X factor: SF Luc Richard Mbah a Moute became the 11th player to start a game for the Clippers this season, replacing Wesley Johnson. Mbah a Moute won a camp battle with Nikoloz Tskitishvili and Chuck Hayes to get the last spot on the Clippers roster, and head coach Doc Rivers said that Mbah a Moute’s defense was a factor in him getting the nod Sunday. Mbah a Moute did finish with 7 points, 2 made threes, and a 4th quarter steal – but the starting SF position is clear as mud going into December.
— Law Murray
Tweet(s) Of The Game
Josh Smith's family is sitting next to my dad. I said to have them tell Josh to stop shooting 3 pointers
— Ricky Chu (@RikDaddy) November 29, 2015
I like to imagine the Clippers take all their frustration against refs out on waiters and are horrible tippers
— Myles Brown (@mdotbrown) November 29, 2015
Check Your Messages
The Clippers have won two games in a row for the first time since game four of the season; for fans, it is a relief. For basketball wonks, it’s something of a delayed sense of satisfaction.

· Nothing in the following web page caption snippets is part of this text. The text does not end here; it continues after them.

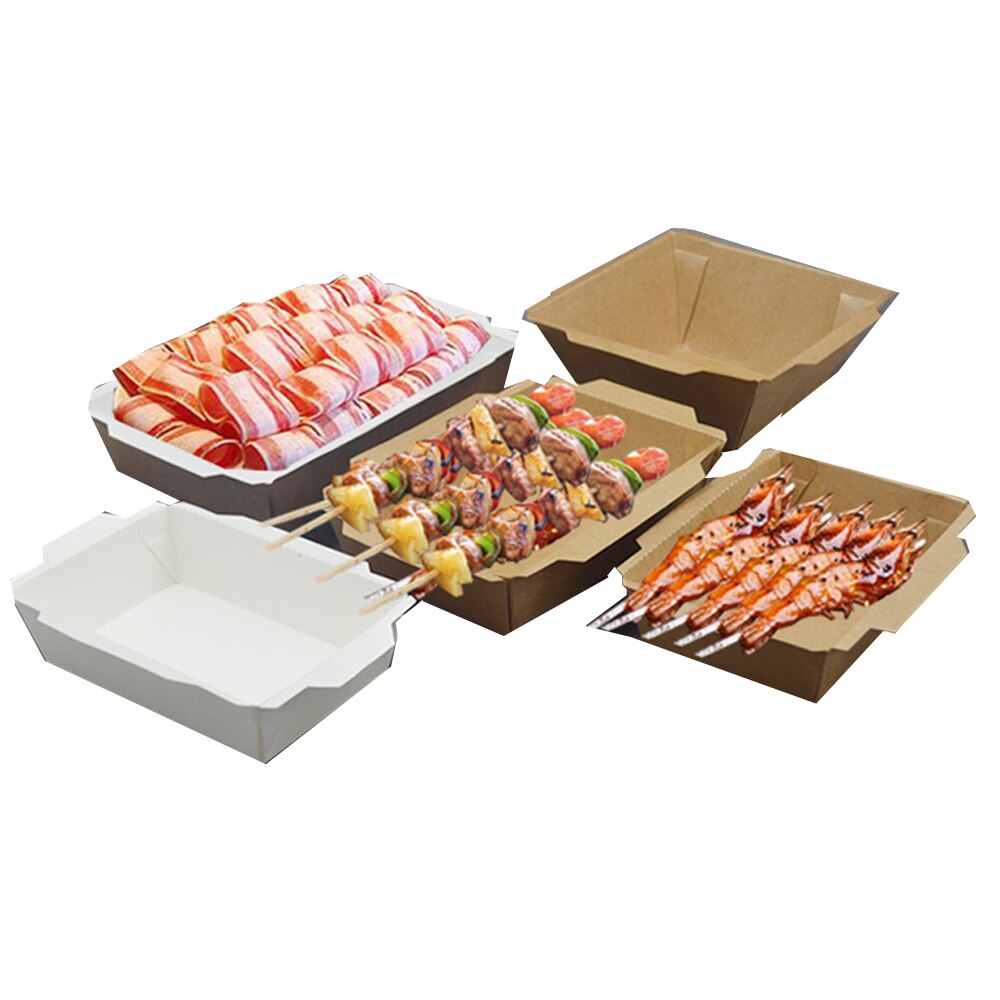 50pcs Kraft meal box without lid Waterproof Greaseproof Barbecue Sandwich Bread container (500ml/750ml/1000ml/1600ml).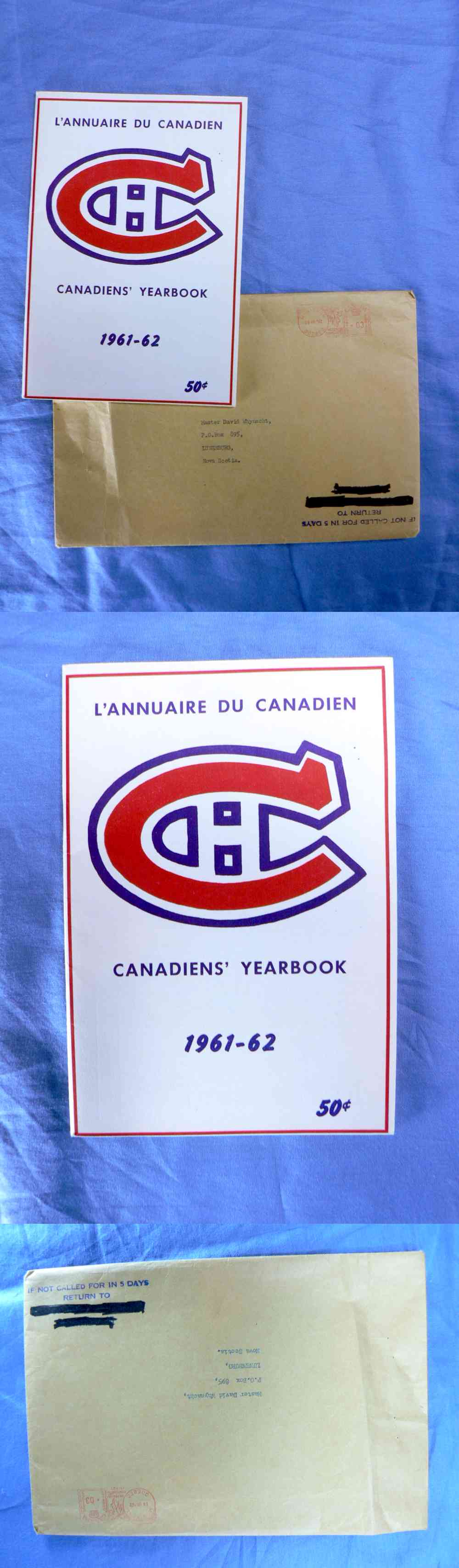 1961-62 MONTREAL CANADIENS YEARBOOK & ENVELOPE photo 1961-62 MONTREAL CANADIENS YEARBOOK & ENVELOPE photo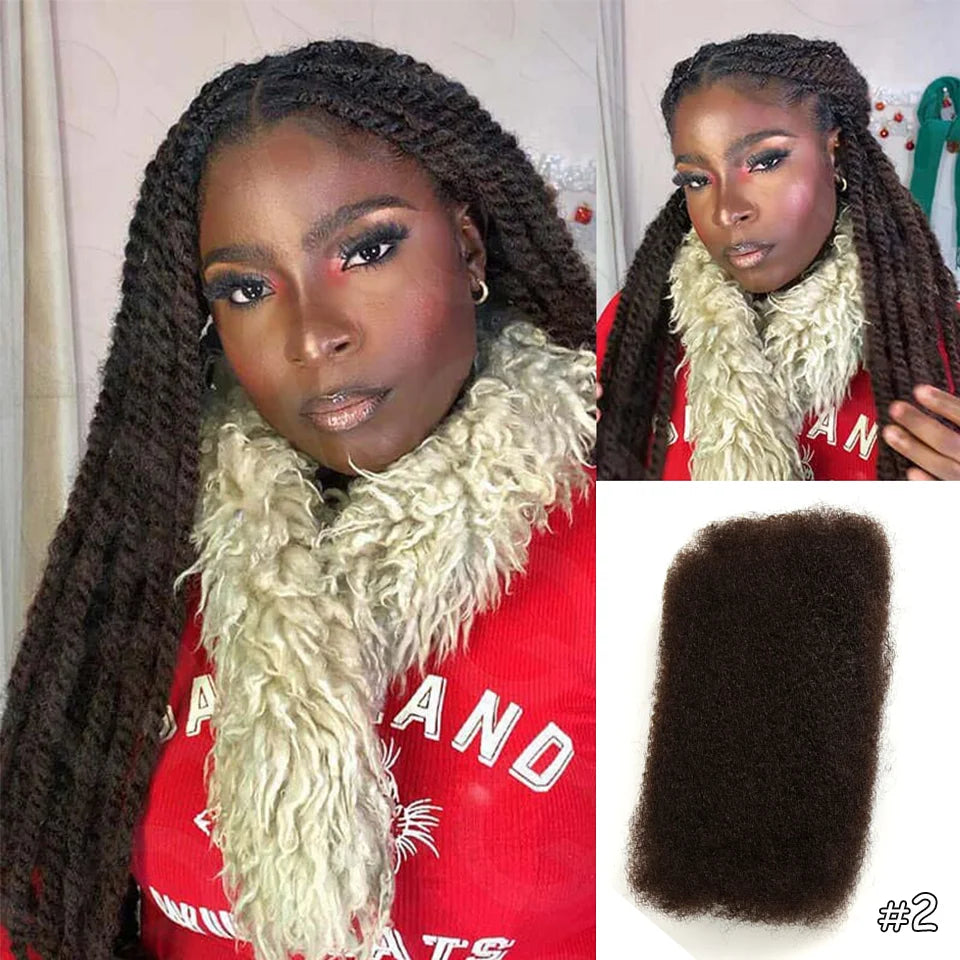 QVR Afro Kinky Bulk Human Hair for Braiding & Dreadlocks | 100% Brazilian Remy | 10-22 Inch | 9 Colors | 50g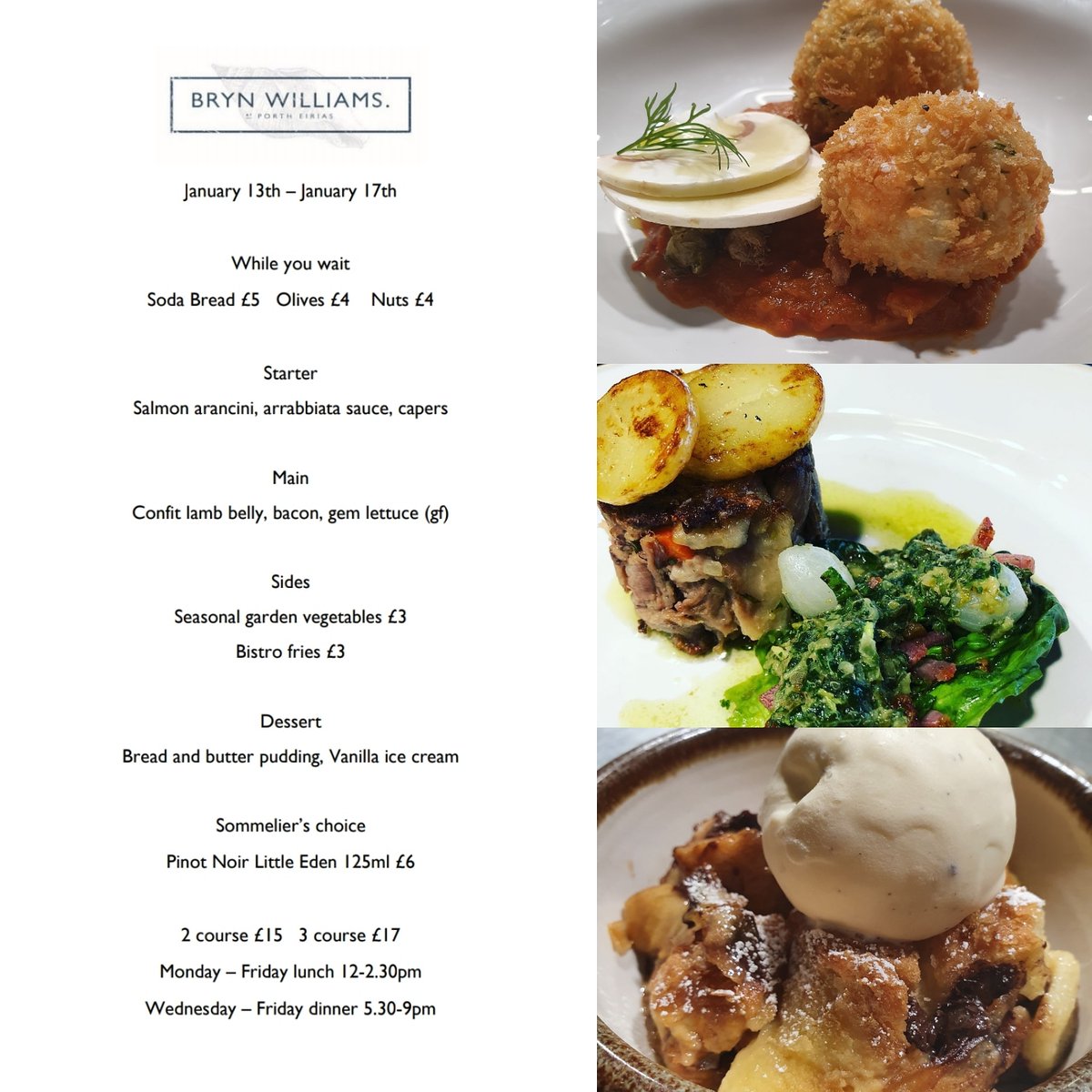 BrynPorthEirias's tweet photo. This weeks set menu is available from lunch today.
All 3 courses for £17.
12-2.30pm Monday- Friday 
Please be aware the Old Colwyn prom road is closed, we are still open as normal. https://t.co/ix31fjS9Bh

And for the team itself, it’s hopefully a wake up call; the PT broadcast made much of the Clips’ late game mantra of “sustain.” It is the one thing that everyone can agree the Clippers haven’t done in this weird stretch of borderline unwatchable basketball. Say whatever you want about poor rotation, lack of rebounding, bench instability, or Chris Paul’s (fictional) tendency to choke in tight games. Peel away all these layers (or outright lies), and you’ll find the same nugget of truth: the Clippers have not demonstrated any consistent sense of urgency for all 48 minutes of any given basketball game this year. These last two games have looked like a turning point. Now, it is up to all of these players to live up to their new
dictate if they want their rediscovered success to last.
– Aaron Williams
As far as cliché’s go, we’ve heard that Championship contending teams win the ugly games. Furious 4th quarter rallies from an opponent can stretch a team to it’s limits. Contenders have a response to this and typically everything else. Essentially, what separates them from merely “good” is the propensity to squeeze a victory from the jaws of a bad loss. Add up a few potential “bad losses” on crisp November and December nights and you have what is surely tangible effects on playoff positioning later in the season. Despite the melodrama of early season NBA basketball, every minute of every game holds value.
The early stages of this season have clearly shown us the Clippers have issues that will need to be sorted out. But there are positives to gain from responding to an upstart and suddenly talent-stocked Timberwolf team that came hard charging in the 4th quarter. Now the game becomes about sustained focus and consistency.